1. ## Evaluating Irrational Integral

I need help to integrate this particular integral step-by-step. I've been wrestling around with substitution method without any satisfying result. I don't know I'm doing wrong with it.

$\displaystyle \int_{-a}^a \frac{1}{\left(x^2+y^2\right)^{3/2}} \, dy$

This is my attempt:
Let u = $\displaystyle \left(x^2+y^2\right)$
du = $\displaystyle 2y\text{dy}$

Hence:
$\displaystyle \int \frac{1}{\left(x^2+y^2\right)^{3/2}} \, dy \int \frac{u^{-3/2}}{2} \, du \frac{1}{2} \int u^{-3/2} \, du \frac{\frac{1}{\sqrt{u}}}{\frac{2 (-1)}{2}}-\frac{1}{\sqrt{u}}-\frac{1}{\sqrt{x^2+y^2}}-\frac{1}{\sqrt{x^2+y^2}}$
$\displaystyle -\frac{1}{\sqrt{x^2+y^2}}$

Thank You

2. ## Re: Evaluating Irrational Integral

Originally Posted by Lites
I need help to integrate this particular integral step-by-step. I've been wrestling around with substitution method without any satisfying result. I don't know I'm doing wrong with it.

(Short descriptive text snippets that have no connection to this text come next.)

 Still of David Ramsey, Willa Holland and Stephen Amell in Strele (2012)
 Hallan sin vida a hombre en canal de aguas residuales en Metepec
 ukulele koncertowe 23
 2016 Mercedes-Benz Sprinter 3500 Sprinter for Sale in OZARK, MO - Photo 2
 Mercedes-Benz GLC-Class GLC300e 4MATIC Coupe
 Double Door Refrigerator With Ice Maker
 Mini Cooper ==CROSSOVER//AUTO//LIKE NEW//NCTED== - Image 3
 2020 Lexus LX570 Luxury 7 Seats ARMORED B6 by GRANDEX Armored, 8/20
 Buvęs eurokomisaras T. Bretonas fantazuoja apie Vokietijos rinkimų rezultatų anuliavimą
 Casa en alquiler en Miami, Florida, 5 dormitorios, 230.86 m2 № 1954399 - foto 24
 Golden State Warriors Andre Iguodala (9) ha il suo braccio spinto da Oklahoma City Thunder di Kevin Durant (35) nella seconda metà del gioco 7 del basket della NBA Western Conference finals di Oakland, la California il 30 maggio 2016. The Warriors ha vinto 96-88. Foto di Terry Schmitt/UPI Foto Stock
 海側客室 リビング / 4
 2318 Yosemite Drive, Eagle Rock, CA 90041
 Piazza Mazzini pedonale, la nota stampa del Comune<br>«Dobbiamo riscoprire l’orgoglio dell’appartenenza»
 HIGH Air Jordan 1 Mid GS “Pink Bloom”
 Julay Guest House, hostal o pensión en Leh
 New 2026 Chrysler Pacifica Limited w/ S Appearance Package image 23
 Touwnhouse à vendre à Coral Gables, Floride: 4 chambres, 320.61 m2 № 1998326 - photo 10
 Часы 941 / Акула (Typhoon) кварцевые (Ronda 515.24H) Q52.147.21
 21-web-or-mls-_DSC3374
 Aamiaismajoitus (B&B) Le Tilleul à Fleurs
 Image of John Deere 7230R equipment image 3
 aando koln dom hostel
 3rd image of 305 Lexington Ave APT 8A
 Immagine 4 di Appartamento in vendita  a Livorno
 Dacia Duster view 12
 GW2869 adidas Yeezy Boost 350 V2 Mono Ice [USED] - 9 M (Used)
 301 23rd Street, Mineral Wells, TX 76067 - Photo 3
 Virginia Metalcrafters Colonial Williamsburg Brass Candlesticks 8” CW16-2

$\displaystyle \int_{-a}^a \frac{1}{\left(x^2+y^2\right)^{3/2}} \, dy$

This is my attempt:
Let u = $\displaystyle \left(x^2+y^2\right)$
du = $\displaystyle 2y\text{dy}$

Hence:
$\displaystyle \int \frac{1}{\left(x^2+y^2\right)^{3/2}} \, dy \int \frac{u^{-3/2}}{2} \, du \frac{1}{2} \int u^{-3/2} \, du \frac{\frac{1}{\sqrt{u}}}{\frac{2 (-1)}{2}}-\frac{1}{\sqrt{u}}-\frac{1}{\sqrt{x^2+y^2}}-\frac{1}{\sqrt{x^2+y^2}}$
$\displaystyle -\frac{1}{\sqrt{x^2+y^2}}$

Thank You
note that since $\displaystyle du = 2y \, dy$ , $\displaystyle dy = \frac{du}{2y}$ ... you left out the $\displaystyle y$ in the denominator in your substitution.

try a trig substitution, maybe?

$\displaystyle y = x\tan{t}$